Page MenuHomePhabricator

[flang][runtime] Fixed identity value for REAL(16) == __float128.
ClosedPublic

Authored by vzakhari on Sep 22 2022, 3:48 PM.

Details

Summary

std::numeric_limits<__float128>::max/lowest return 0.0, so recreate
value of FLT128_MAX ourselves to avoid using quadmath.h's FLT128_MAX
that is currently causes warnings with GCC -Wpedantic.

Diff Detail

Event Timeline

vzakhari created this revision.Sep 22 2022, 3:48 PM
Herald added a project: Restricted Project. · View Herald TranscriptSep 22 2022, 3:48 PM
Herald added a subscriber: jdoerfert. · View Herald Transcript
vzakhari requested review of this revision.Sep 22 2022, 3:48 PM

I consider it a bug in the Fortran standard that the identity values for real minval/maxval are not signed infinities on IEEE-754 targets.

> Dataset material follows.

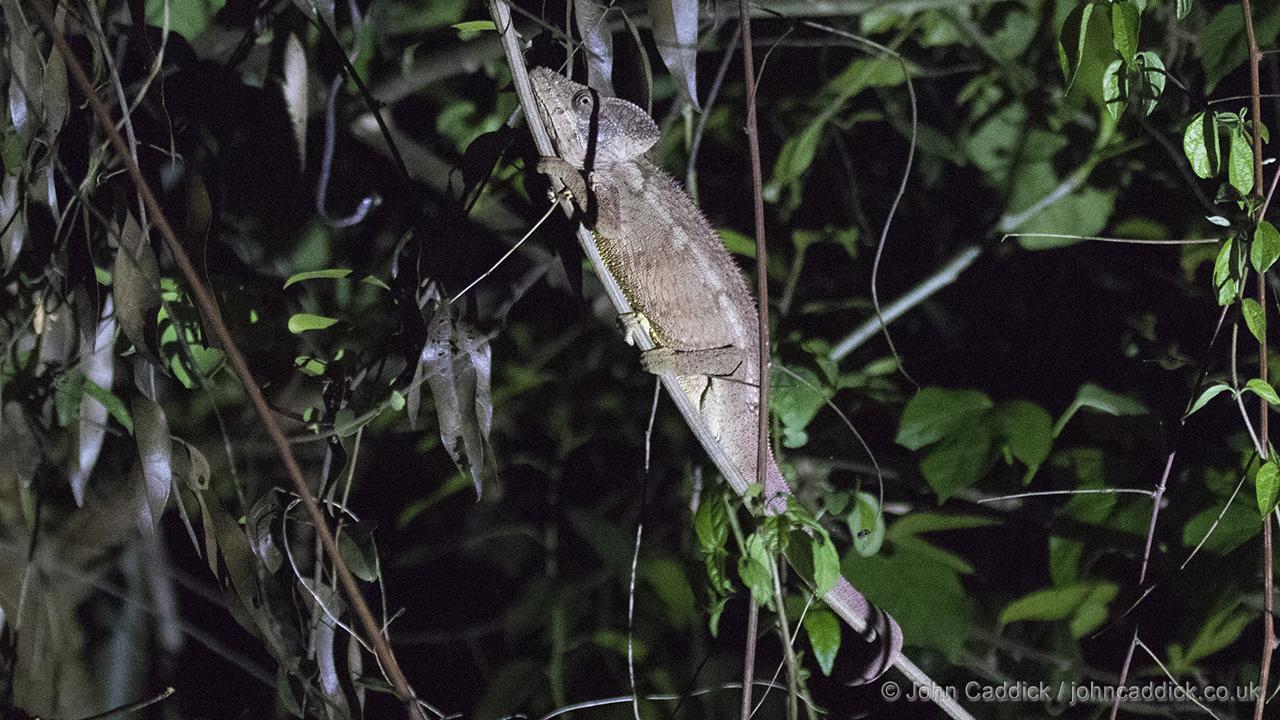 Malagasy Giant Chameleon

Perhaps you could compute the largest finite number with scalbn or ldexp applied to nexttoward((quad precision)1.0, 0.0) on hosts whose numeric_limits header is broken.

Thanks!

I will use ldexpf128(nextafterf128(1.0, 0.0), __FLT128_MAX_EXP__). These functions are defined by glibc headers for GCC compiler. I could have used GCC's nextafterq/ldexpq, but I think it is better to use glibc names so that when they add support for clang it will hopefully work as-is. In any case, I will have to check in CMake file that these entry points are available and only then enable the REAL(16) specialization. Runtime will not work correctly, when built with clang, and the unittest will fail, so I will probably have to make the same checks in CMake files for the unittests.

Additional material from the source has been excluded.